PROBLEM: Even when both ceiling lights are on in the kitchen, the sink has always been too dark at night. Anyone standing at the sink creates a shadow from the ceiling light, making it tough to properly wash dishes or vegetables.
SOLUTION: Install a light above the sink.
BONUS ROUND: Build the light from parts I already had, and make it automatically turn itself on and off.

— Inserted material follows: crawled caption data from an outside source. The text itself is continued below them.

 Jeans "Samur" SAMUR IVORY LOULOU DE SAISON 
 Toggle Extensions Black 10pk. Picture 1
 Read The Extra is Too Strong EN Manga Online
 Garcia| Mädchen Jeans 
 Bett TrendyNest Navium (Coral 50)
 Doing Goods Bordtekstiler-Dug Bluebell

I decided to build it using stuff from around the house. Of course, this isn't just any house...this is a geek house! So the components below were naturally considered household items. I decided to use an ATtiny84 from Atmel as the heart of the project. It's way under-utilized here, but I didn't have any ATtiny25s in stock. I could have used a 555 instead of a microcontroller, but then I wouldn't have gotten a cool fade-in and fade-out PWM effect. Plus the 555 at one minute or higher time scales is a little ungainly, with the high value capacitor required. And I REALLY wanted a smooth fade-in. I would have also needed to invert the trigger signal from the PIR sensor.
- PIR Motion Sensor
- 16 100mA white 10mm LEDs
- LM340T-5.0 regulator
- IRF612 MOSFET (not ideal, but works)
- Old RadioShack proto board (do they even still sell those?)
- 10uF capacitor
- 0.1uF capacitor
- 4 39ohm resistors
- ~15V DC power supply
- Wire and solder
- Poster board
- Zip ties
PIR Sensor SEN116A2B
The schematic: Here's a quick schematic of the build. Very simple. The IRF612 is not really a logic level FET, but for the current we're using it's not a big problem. Threshold for Vgs is 2-4 volts, so 5V is okay. I'd have used a better FET if I had one around, but this doesn't even warm up as-is. Didn't bother with a series or pulldown resistor here.

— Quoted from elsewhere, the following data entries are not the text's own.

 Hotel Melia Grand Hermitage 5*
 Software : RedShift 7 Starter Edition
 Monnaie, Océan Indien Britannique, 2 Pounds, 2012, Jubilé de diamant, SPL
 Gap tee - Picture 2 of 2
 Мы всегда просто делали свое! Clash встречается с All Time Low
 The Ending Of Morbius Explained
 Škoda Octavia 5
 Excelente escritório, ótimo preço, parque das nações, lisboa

Coding: This project was partly spurred by downloading Atmel's new AVR Studio 5. It's based on Visual Studio 2010, it's a bloated 500+ MB download, it's proprietary, it's Windows-only...but it is a really nice way to write code. Obviously the more complex programs will benefit from all the code exploration features in AVR Studio 5, but Intellisense is always welcome on even the smallest projects. AVR Studio 4 felt a lot closer to the hardware, but I'm sure that was infuriating for the developers using the larger processors.
The code simply watches the input from the PIR sensor, maintains a few counters and fades the PWM up and down accordingly. It is set to keep the light on as long as there is activity, or 60 seconds since the last activity. Accuracy is not really needed, so the internal 8MHz oscillator was selected using the AVR fuse configuration tool in AVR Studio.
The build: Construction is embarrassingly simple, should be considered temporary until it falls apart. The main structural component is white foamcore poster board, with some packing tape and hot glue and a couple zip ties to keep things together. Holes were punched for the LEDs and the PIR sensor dome, then everything was hot glued in place.